San Francisco Federal Reserve President: Monetary policy is "in a good position" and inflation is expected to continue to decline

San Francisco Federal Reserve President Mary Daly stated that the Federal Reserve's monetary policy is "in a good position" to help inflation gradually decline. Although inflation is expected to struggle to reach the 2% target this year, the policy is making steady progress. The labor market is cooling but remains robust, and Daly emphasized that the policy aligns with economic conditions, awaiting more data to guide future decisions. Meanwhile, Trump's tariff policy has increased uncertainty for businesses, and rising debt levels have become a focal point for the market
According to the Zhitong Finance APP, Mary Daly, President of the Federal Reserve Bank of San Francisco, recently stated that the current monetary policy of the Federal Reserve is "in a good position," which helps to continue pushing inflation down gradually. Although she believes that inflation may struggle to reach the Fed's target of 2% within this year, she emphasized that the policy is making steady progress.

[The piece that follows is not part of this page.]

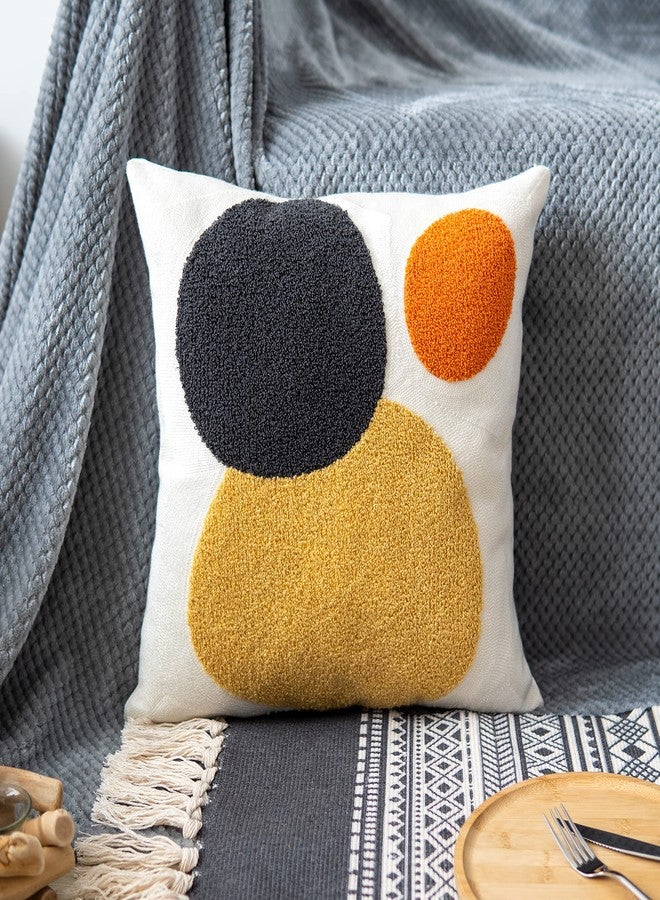 VANNCIO Decorative Geo Pillowcase, Boho Colored Throw Pillow Cover for Couch Sofa Bed Stylish Decor, Simple Cotton Textured Cushion Sham, Square 18 inches, 1PC(Yellow Orange) - Image 1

Daly pointed out at an event in Oakland, California, that the labor market is cooling but remains robust, and inflation is expected to continue declining over time. She stated, "Our current policy is well matched to the current economic conditions, so we can wait for more data to guide future decisions."
The Federal Reserve has kept interest rates unchanged since the beginning of this year. Policymakers believe that the current economic fundamentals are solid, allowing room to observe the impact of changes in tariffs and other policies on the economy.
Daly emphasized that although the labor market has slightly slowed, this is a natural process toward a more sustainable employment structure. "This helps achieve a balance in the labor market consistent with the 2% inflation target."
However, a series of tariff measures pushed by President Trump has created significant uncertainty in the business community, exacerbating hesitance in investment and hiring. The U.S. International Trade Court ruled this week that some of Trump's global tariffs are "illegal," and although the government has appealed and temporarily suspended the ruling, this decision has added more uncertainty to the market.
Meanwhile, the focus of the bond market is quietly shifting from tariffs to the rising debt levels in the United States. John Waldron, President of Goldman Sachs, stated at the Bernstein Conference on Thursday, "Previously, everyone's attention was focused on tariffs, but now the bond market is more concerned about the U.S. fiscal situation and budget debates. I believe that from a macro perspective, the biggest risk currently is not tariffs, but debt."
Waldron pointed out that the U.S. Treasury's continuous increase in bond issuance, especially long-term bonds, is pushing up long-end yields, raising government financing costs, while also exacerbating the fiscal deficit and borrowing pressures across the economy.
Just a week ago, the yield on 30-year U.S. Treasury bonds rose to its highest level in nearly 20 years, reflecting market concerns about fiscal prospects. Currently, President Trump is negotiating with Congress over a bill that would provide tax cuts for specific groups, which, if passed, could further exacerbate the fiscal deficit.
Goldman Sachs Vice Chairman and former Dallas Fed President Kaplan also stated that Goldman Sachs' clients are now focusing less on the federal funds rate and more on the trend of 10-year U.S. Treasury yields.
Nevertheless, Waldron remains confident in the resilience of the U.S. economy. "The U.S. economy and consumers have shown remarkable resilience, and frankly, this surprises me a bit, but it is also an undeniable fact."
However, Waldron also admitted that due to market volatility caused by tariffs, Goldman Sachs' investment banking revenue in the second quarter lagged behind that of the first quarter, a trend consistent with analyst expectations collected by Bloomberg. Despite facing adverse factors, he remains optimistic about the IPO market. "We completed eight IPOs last week, which indicates that the market is gradually warming up."